If $Δ_r=\begin{vmatrix}r&x&\frac{n (n+1)}{2}\\2r-1&y&n^2\\3r-2&z&\frac{n (3n-1)}{2}\end{vmatrix}$, then $\sum\limits_{r=1}^{n}Δ_r$ is equal to

0

We know that

$\begin{vmatrix}a_1&x&p\\a_2&y&q\\a_3&z&r\end{vmatrix}+\begin{vmatrix}b_2&x&p\\b_2&y&q\\b_3&z&r\end{vmatrix}+\begin{vmatrix}c_2&x&p\\c_2&y&q\\c_3&z&r\end{vmatrix}=\begin{vmatrix}a_1+b_1+c_1&x&p\\a_2+b_2+c_2&y&q\\a_3+b_3+c_3&z&r\end{vmatrix}$

i.e. the sum of the determinants having all columns (or rows) identical except a specific column (or row), say first, is a determinant whose first column (or row) is the sum of the corresponding elements of first columns of various determinants and the remaining columns (or rows) remain same.

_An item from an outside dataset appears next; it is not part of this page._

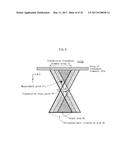 ULTRASOUND DIAGNOSTIC DEVICE AND ULTRASOUND SIGNAL PROCESSING METHOD diagram and image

Using this property, we have

$\sum\limits_{r=1}^{n}Δ_r=\begin{vmatrix}\sum\limits_{r=1}^{n}r&x&\frac{n (n+1)}{2}\\\sum\limits_{r=1}^{n}(2r-1)&y&n^2\\\sum\limits_{r=1}^{n}(3r-2)&z&\frac{n (3n-1)}{2}\end{vmatrix}$

Now,

$\sum\limits_{r=1}^{n}r=1+2+...+n=\frac{n (n+1)}{2}$

$\sum\limits_{r=1}^{n}(2r-1)=1+3+5+...+(2n-1)=\frac{n}{2}\{1+(2n-1)\}=n^2$

and,

$\sum\limits_{r=1}^{n}(3r-2)=\frac{n}{2}[1+(3n-2)]=\frac{n (3n-1)}{2}$

$∴\sum\limits_{r=1}^{n}Δ_r=\begin{vmatrix}\frac{n (n+1)}{2}&x&\frac{n (n+1)}{2}\\n^2&y&n^2\\\frac{n (3n-1)}{2}&z&\frac{n (3n-1)}{2}\end{vmatrix}=0$   [∵ $C_1$ and $C_3$ are identical]